[Data to examine]

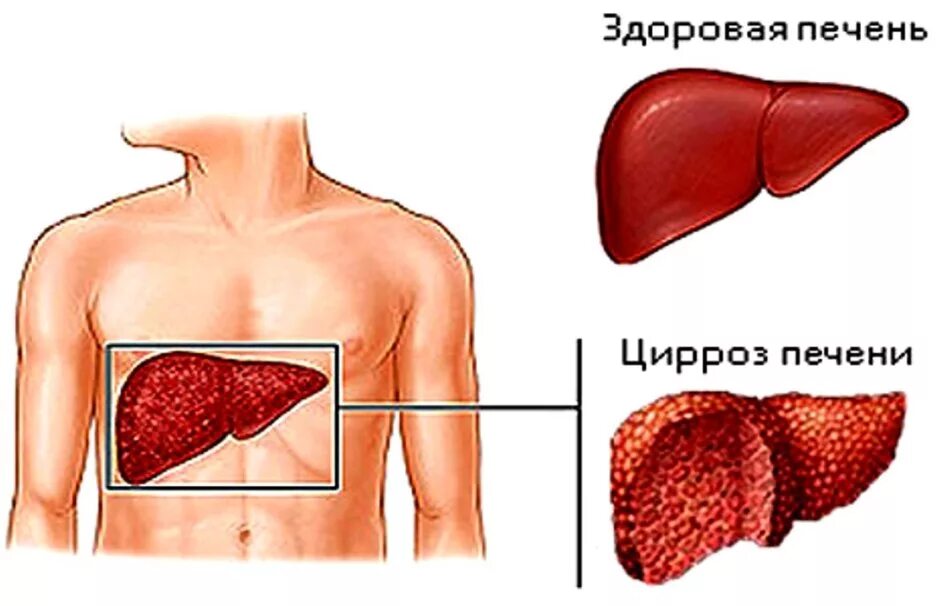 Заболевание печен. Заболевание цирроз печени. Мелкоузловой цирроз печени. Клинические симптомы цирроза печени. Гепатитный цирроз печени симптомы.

[/Data to examine]
[Data to examine]

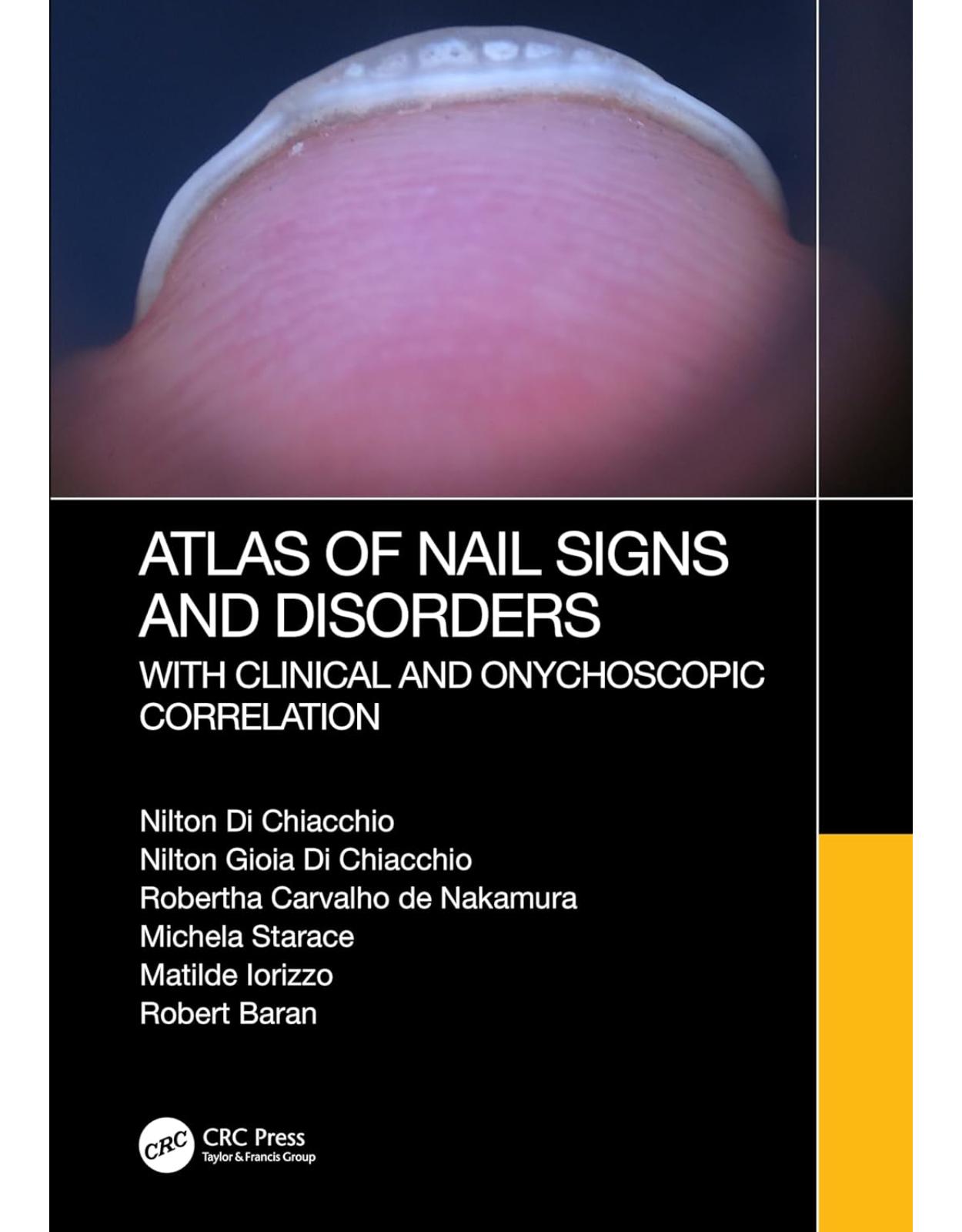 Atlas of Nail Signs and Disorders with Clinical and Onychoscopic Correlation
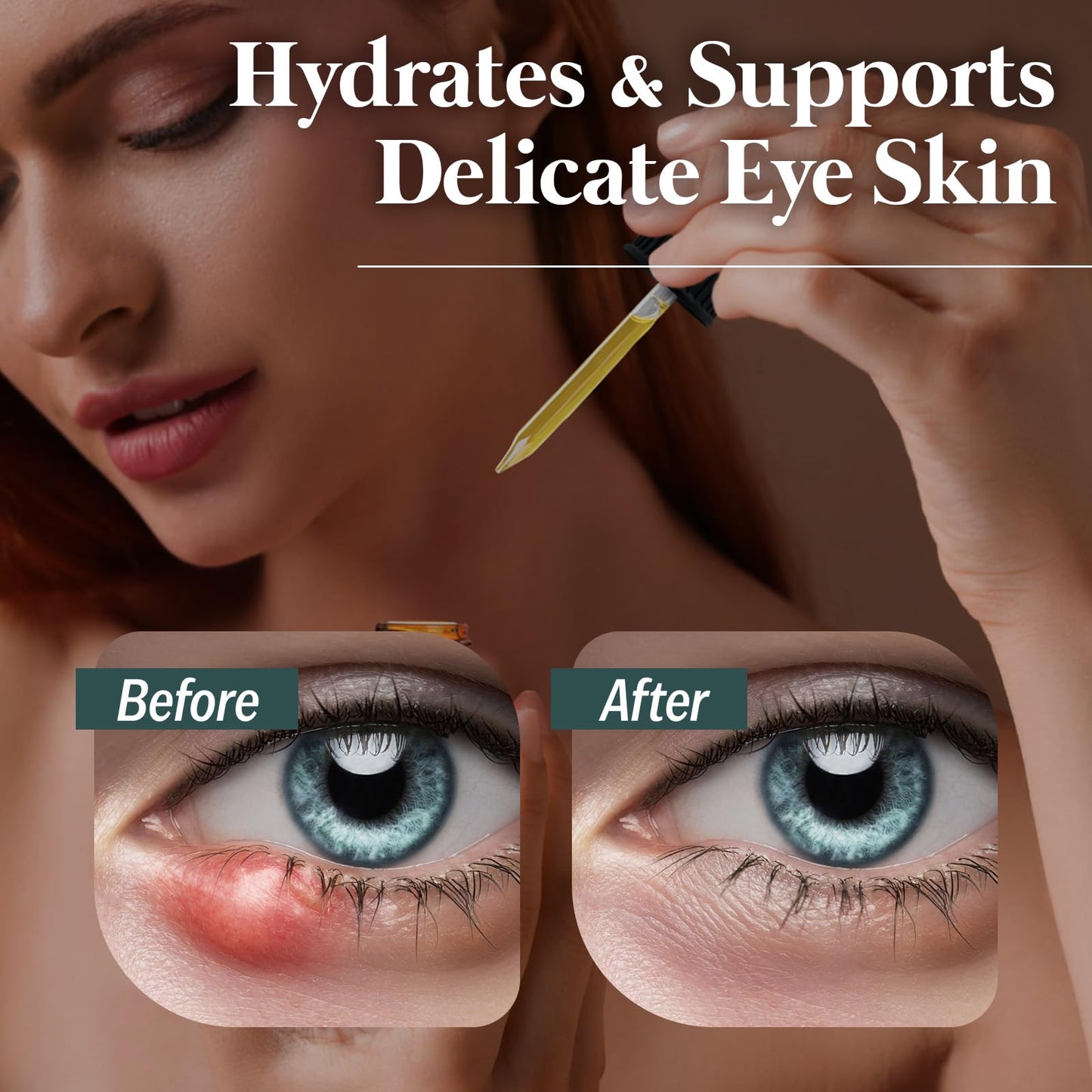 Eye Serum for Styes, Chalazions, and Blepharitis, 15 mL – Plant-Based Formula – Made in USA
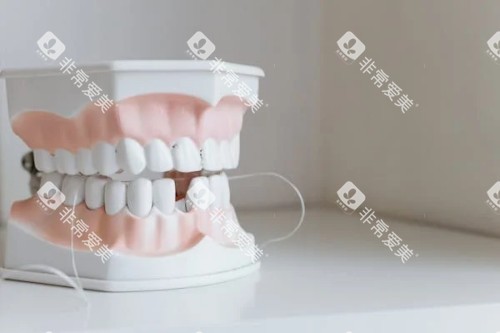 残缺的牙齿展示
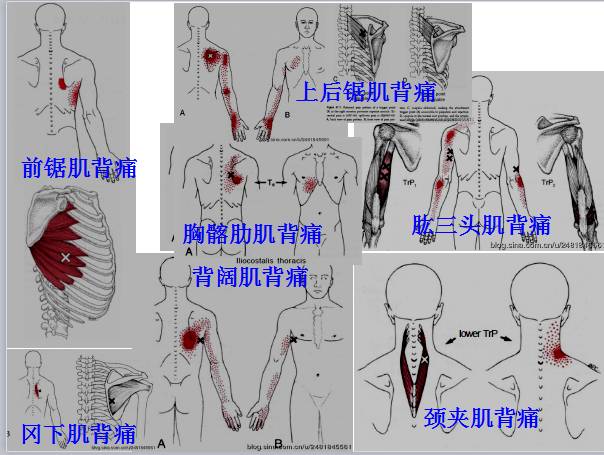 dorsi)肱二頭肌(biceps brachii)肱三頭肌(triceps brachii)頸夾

[/Data to examine]
[Data to examine]

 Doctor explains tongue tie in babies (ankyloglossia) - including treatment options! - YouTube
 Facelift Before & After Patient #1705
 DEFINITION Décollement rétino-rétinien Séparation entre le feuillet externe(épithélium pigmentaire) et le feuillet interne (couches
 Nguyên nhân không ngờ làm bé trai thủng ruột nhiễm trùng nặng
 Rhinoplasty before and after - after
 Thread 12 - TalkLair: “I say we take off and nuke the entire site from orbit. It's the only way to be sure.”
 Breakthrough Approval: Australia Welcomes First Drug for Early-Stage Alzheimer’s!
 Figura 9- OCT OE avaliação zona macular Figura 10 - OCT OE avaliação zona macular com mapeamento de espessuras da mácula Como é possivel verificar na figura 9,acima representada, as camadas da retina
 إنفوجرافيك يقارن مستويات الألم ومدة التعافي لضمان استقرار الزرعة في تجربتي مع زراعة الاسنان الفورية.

[/Data to examine]

Assignment:
Look in the material above for the line with "Nguyên nhân không" and the line with "إنفوجرافيك يقارن مستويات", and transcribe exactly those lines and all lines between them, nothing more.

Answer to the exercise:
 Nguyên nhân không ngờ làm bé trai thủng ruột nhiễm trùng nặng
 Rhinoplasty before and after - after
 Thread 12 - TalkLair: “I say we take off and nuke the entire site from orbit. It's the only way to be sure.”
 Breakthrough Approval: Australia Welcomes First Drug for Early-Stage Alzheimer’s!
 Figura 9- OCT OE avaliação zona macular Figura 10 - OCT OE avaliação zona macular com mapeamento de espessuras da mácula Como é possivel verificar na figura 9,acima representada, as camadas da retina
 إنفوجرافيك يقارن مستويات الألم ومدة التعافي لضمان استقرار الزرعة في تجربتي مع زراعة الاسنان الفورية.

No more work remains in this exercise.